Your answer must be a word-for-word copy of the listing, with all pictures excluded.

Collected material:
-- Opening Marker --
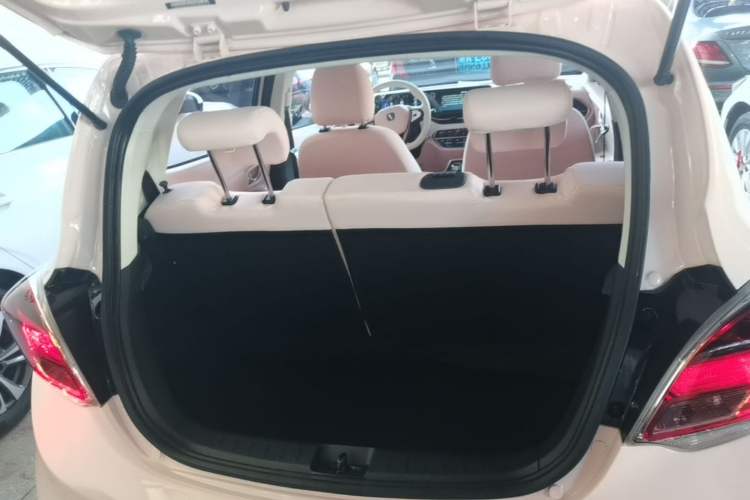 Used CHANGAN Benni E-Star 2023 Charming Edition Colorful Model Lithium-Ion Battery Trunk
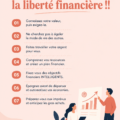 Femme souriante consultant ses finances avec un ordinateur et un carnet.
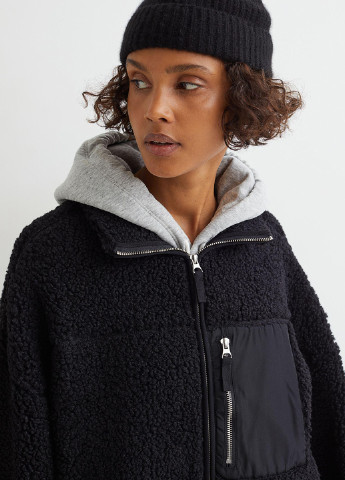 Черная демисезонная куртка H&M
-- Closing Marker --
Finished task:
 Used CHANGAN Benni E-Star 2023 Charming Edition Colorful Model Lithium-Ion Battery Trunk
 Femme souriante consultant ses finances avec un ordinateur et un carnet.
 Черная демисезонная куртка H&M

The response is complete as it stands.